Grimes’ situation is also of concern to the National Union of Public Workers (NUPW), which in a letter dated June 6, had formally requested a meeting with the hospital’s authorities on his behalf to discuss a number of concerns. These include the manner in which officers are placed on leave, unfair restrictions on the use of the nurses’ lounge, lack of training for staff, the inconsistency in rostering for night duty, failure to issue uniforms, physical working conditions and claims of unfair treatment and discrimination.
“The NUPW looks forward to your urgent compliance in having the aforementioned matters amicably resolved,” the letter addressed to the hospital director and signed by NUPW Assistant General Secretary Wayne Walrond said.
In the meantime, Grimes has admitted to being involved in an altercation with the mother of his child on June 14 – the same day he was suspended from work. The woman reported the matter to police and Grimes was subsequently sent to the Psychiatric Hospital for an evaluation.
While not going into full details on the incident, Grimes said he was upset about the clothes the toddler was wearing and the fact that her mother had handed her over to him without any shoes.
And though admitting that the situation subsequently got out of control, Grimes said he did not behave in an aggressive manner to either the police or the mental health officials.

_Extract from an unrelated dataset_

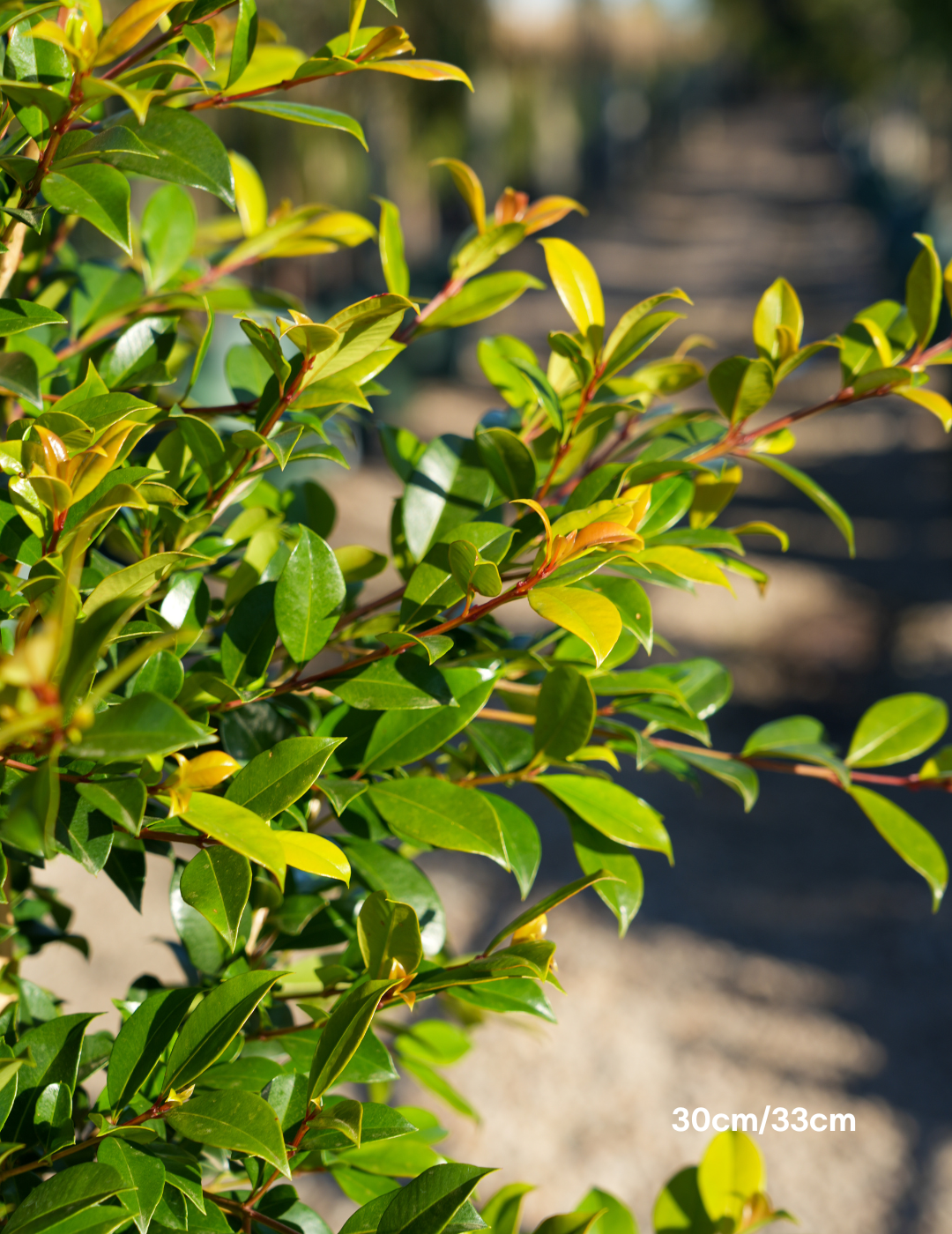 Syzygium paniculatum 'Backyard Bliss' - Lilly Pilly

He said he was therefore surprised to be thrown into “an eight by 11 cell” in the maximum-security ward at his very place of work.
To matters worse, he said all of this was done without so much as a medical assessment by a mental health officer, which he deemed to be contrary to the hospital’s own procedures.

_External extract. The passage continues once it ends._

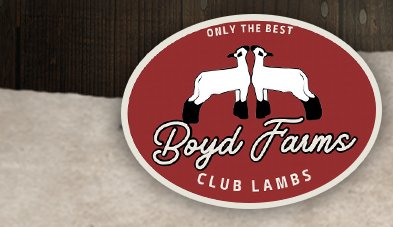 Boyd Farms Club Lambs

Grimes also complained that after he was initially placed on observation for 72 hours, he later found himself between a rock and hard place as he was left with no choice but to sign off “voluntarily” on his own extended stay at the mental hospital.
The only other option, he said, was for him to be “medically recommended” by his doctors for detention; therefore, he said, he went with what seemed at the time to be the lesser of two evils.
“The room was prepared for someone who was erratic but after his assessment, he [the doctor] determined that it wasn’t that drastic and I could have gotten things like a sheet and bed frame,” said Grimes, who has been permanently scarred by his recent experience.
However, he maintains that he is of sound mind and has no history of mental illness, while insisting that at no point during his institutionalization was medication ever given to him.